How To Install Apache Spark In Ubuntu

Before diving into the installation process, it’s essential to ensure that your system meets the necessary prerequisites. Apache Spark requires a compatible version of Java and Python for optimal performance. Here are the steps to prepare your Ubuntu system:

Java: Install Java Development Kit (JDK) 8 or higher.
Python: Although not mandatory, having Python 2.7+/3.4+ will enable you to use PySpark, the Python API for Spark.
Scala: If you plan to write applications in Scala, install Scala 2.10.x or 2.11.x.

Installing Java

To install Java on Ubuntu, you can use the following commands:

sudo apt update
sudo apt install default-jdk

Verify the installation by checking the Java version:

java -version

Installing Python and Scala

Python usually comes pre-installed with Ubuntu. To check if it’s installed and determine the version, run:

python --version

For Scala, you can install it using:

sudo apt-get install scala

Again, verify the installation with:

scala -version

Downloading Apache Spark

The next step is to download the latest version of Apache Spark from the official website. You can do this either through the browser or via the command line using wget.
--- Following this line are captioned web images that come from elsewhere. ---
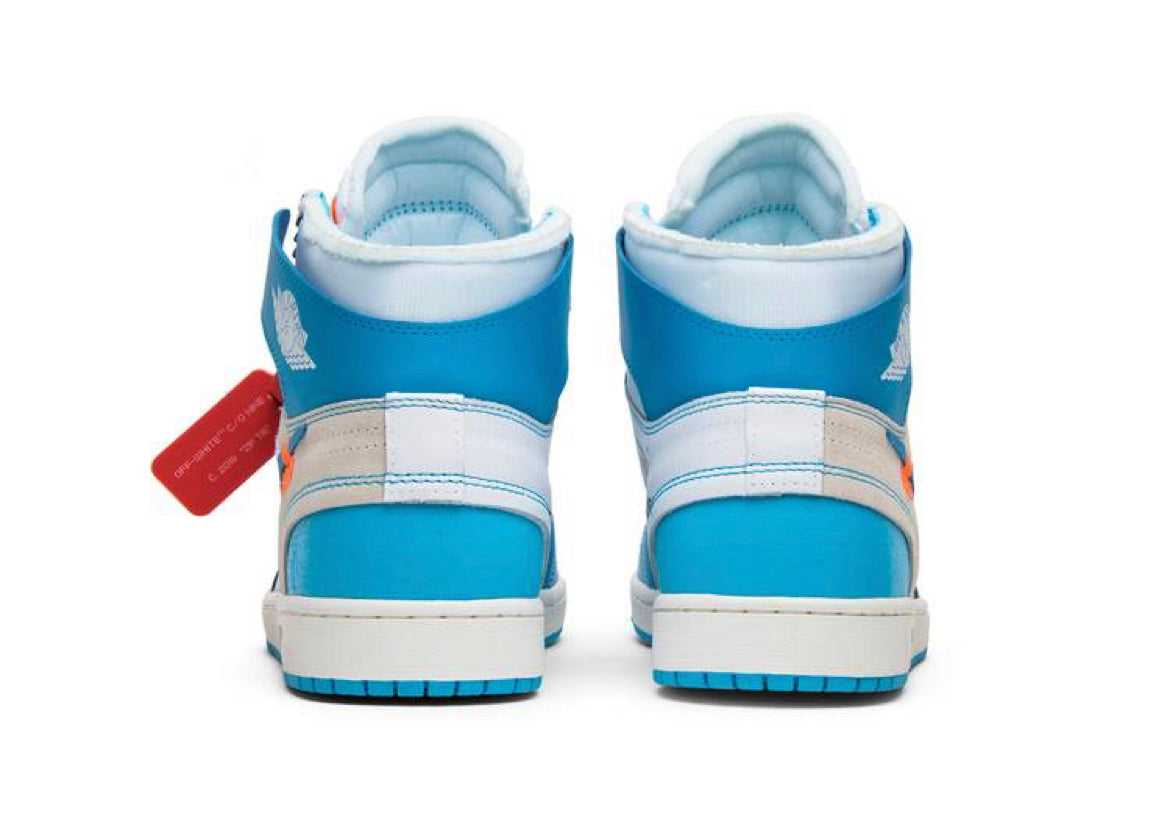 Off-White x Air Jordan Retro 1 High OG ‘UNC’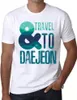 Herren Grafik T-Shirt Und Reise nach Daejeon – And Travel Produktbild-Vorschau 1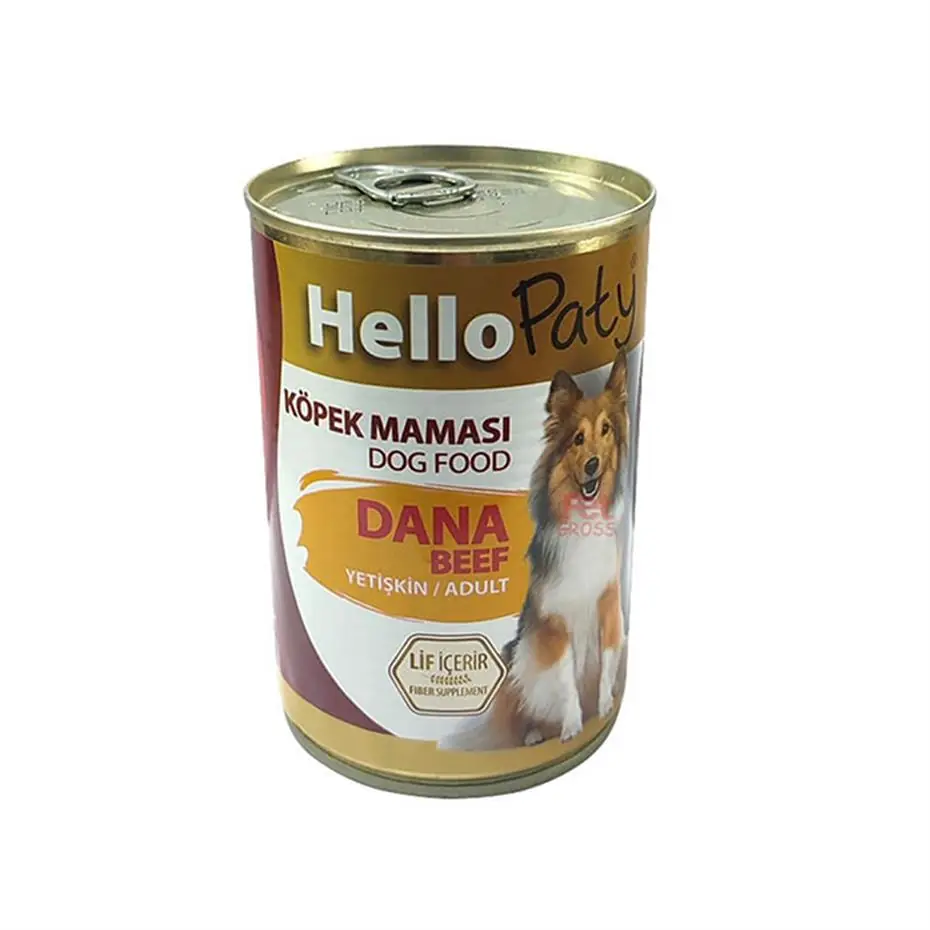 HELLO PATTY DANA ETLİ YETİŞKİN KÖPEK KONSERVESİ 415GR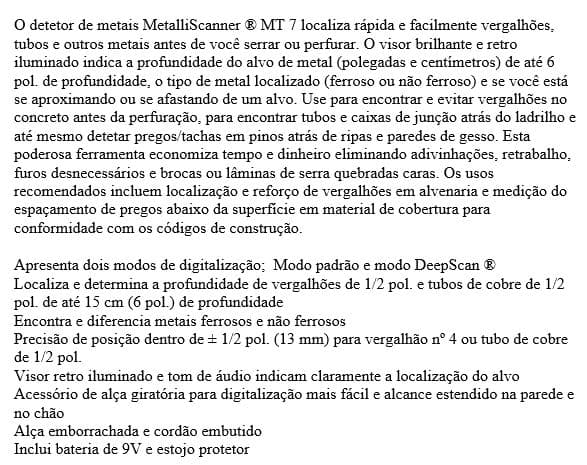 Detetor de metais — imagen 6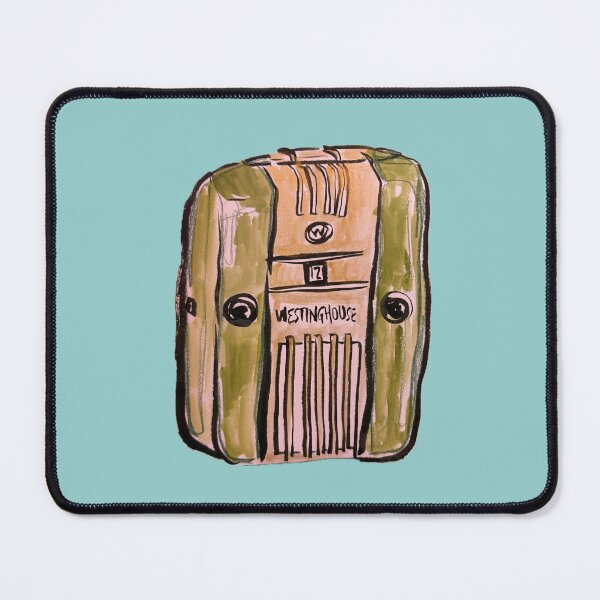 Item preview, Westinghouse H124 refrigerator radio c. 1940s designed and sold by asiddesign.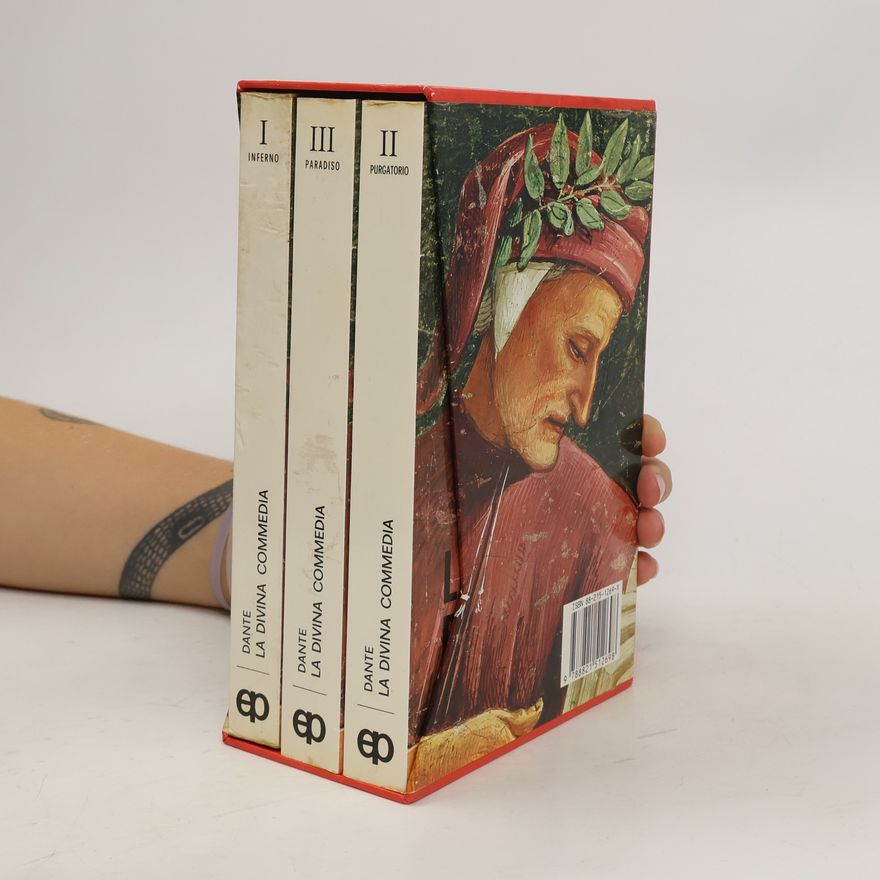 Dante Alighieri La Divina Commedia I.-III.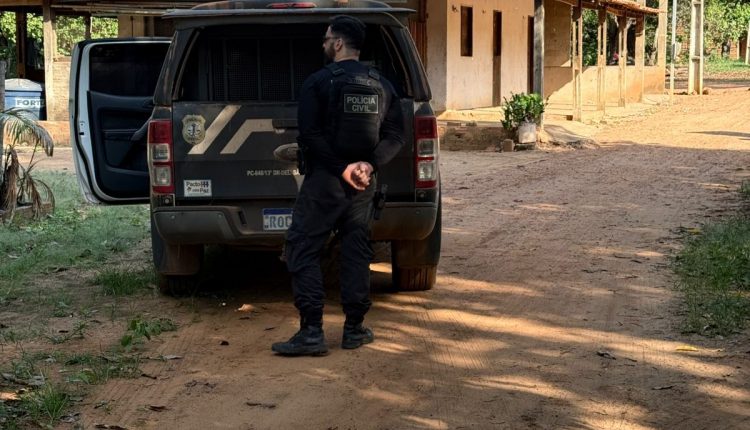 Homem é preso suspeito de tentativa de feminicídio e homicídio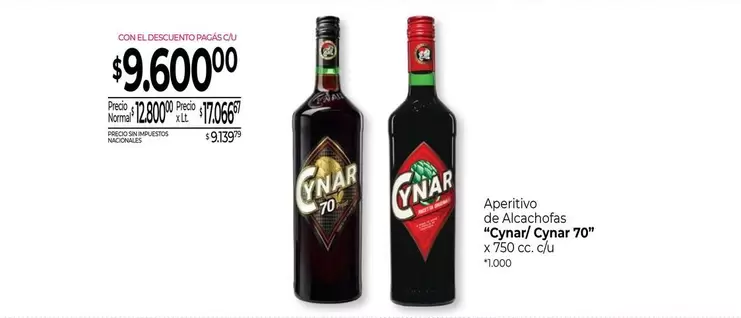 Cynar - Cymar Cymar 70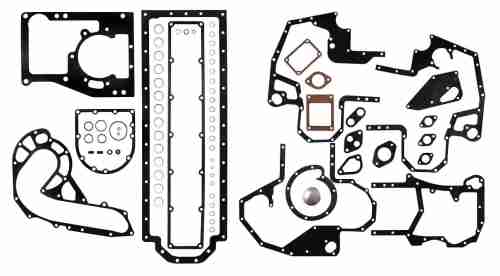 ZESTAW USZCZELEK DOLNY CNH IH CASE 6 CYL.1967013C1-8558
Using wget to Download Spark

First, navigate to the Apache Spark downloads page (https://spark.apache.org/downloads.html) to find the link to the latest Spark release tarball. Then, use wget to download it directly to your server:

wget [URL_OF_SPARK_TARBALL]

Replace [URL_OF_SPARK_TARBALL] with the actual URL you obtained from the downloads page.

Installing Apache Spark

Once you have downloaded the tarball, follow these steps to install Apache Spark on your Ubuntu system.

Extracting the Tarball

Use the tar command to extract the Spark package:

tar xvf [SPARK_TARBALL_NAME].tgz

Make sure to replace [SPARK_TARBALL_NAME] with the name of the file you downloaded.

Moving Spark to a Permanent Location

It’s a good practice to move the extracted Spark directory to a more permanent location. The /opt directory is commonly used for such purposes:

sudo mv [SPARK_DIRECTORY_NAME] /opt/spark

Configuring Environment Variables

To run Spark conveniently from any location, you need to set up some environment variables by editing your .bashrc or .profile file.

Editing .bashrc or .profile

Open your .bashrc file in a text editor:

nano ~/.bashrc

Add the following lines at the end of the file:

export SPARK_HOME=/opt/spark
export PATH=$PATH:$SPARK_HOME/bin:$SPARK_HOME/sbin

Save and exit the editor, then source the .bashrc file to apply the changes:

source ~/.bashrc

Starting Apache Spark

With Apache Spark installed and environment variables configured, you can now start the Spark master and worker processes.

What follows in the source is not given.